### Data under study
+++++

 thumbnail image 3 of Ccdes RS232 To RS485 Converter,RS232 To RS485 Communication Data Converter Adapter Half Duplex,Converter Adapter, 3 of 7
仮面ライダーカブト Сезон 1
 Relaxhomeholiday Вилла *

+++++

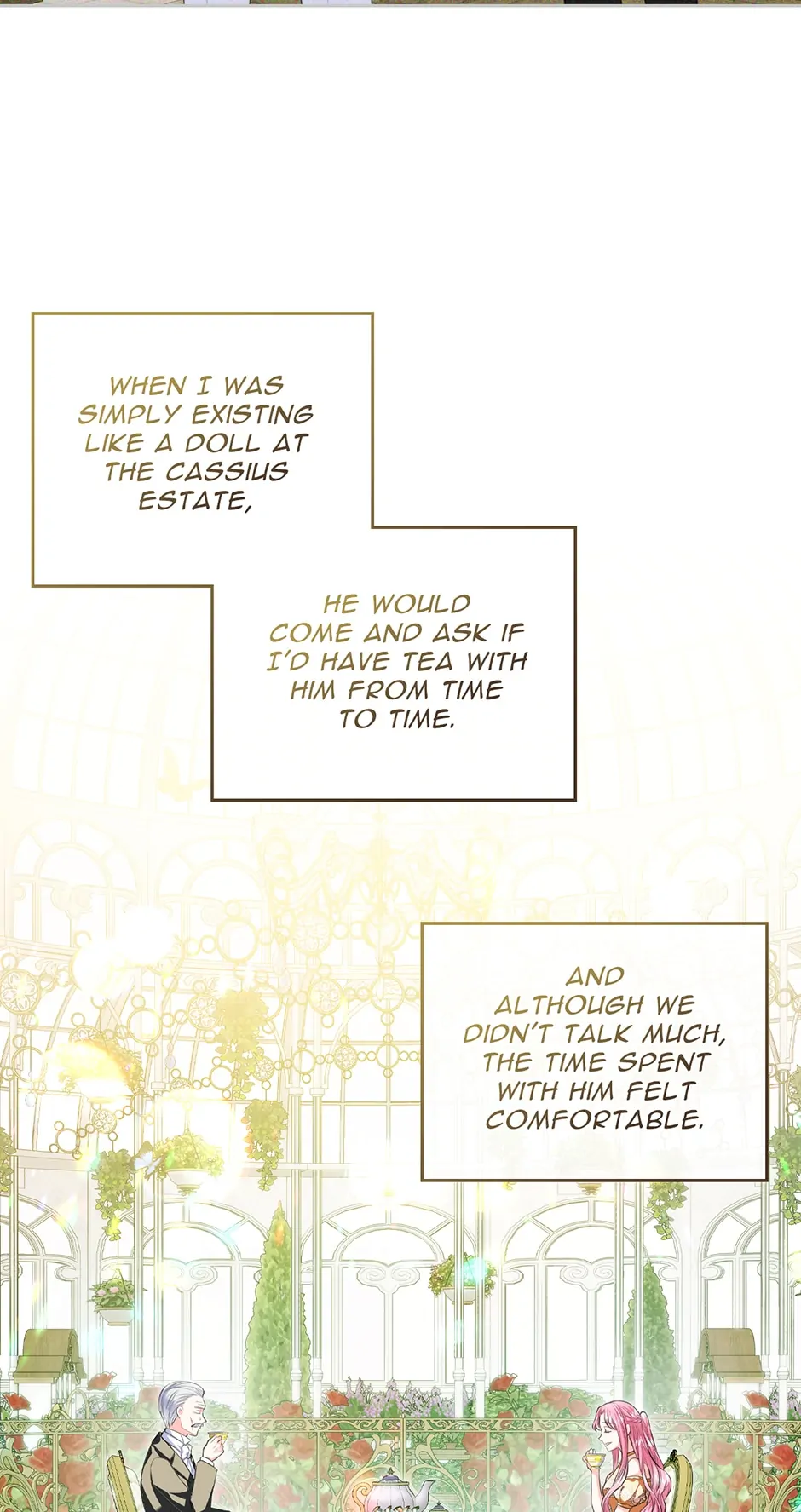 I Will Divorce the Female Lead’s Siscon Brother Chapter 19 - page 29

+++++

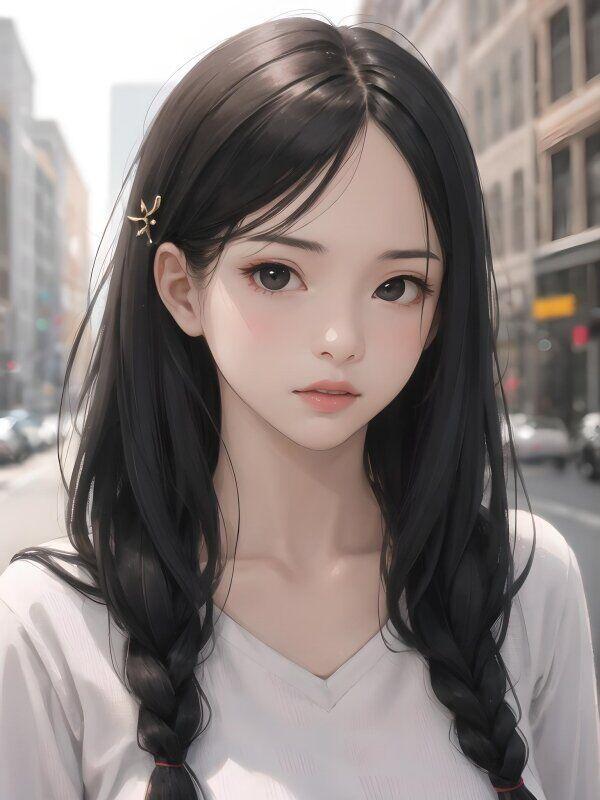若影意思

+++++

### Required work
Repeat exactly the lines of the listing above, from the one with "thumbnail image 3" down to the one with "Relaxhomeholiday Вилла *"; both of those lines belong in the range.

### Written response
 thumbnail image 3 of Ccdes RS232 To RS485 Converter,RS232 To RS485 Communication Data Converter Adapter Half Duplex,Converter Adapter, 3 of 7
仮面ライダーカブト Сезон 1
 Relaxhomeholiday Вилла *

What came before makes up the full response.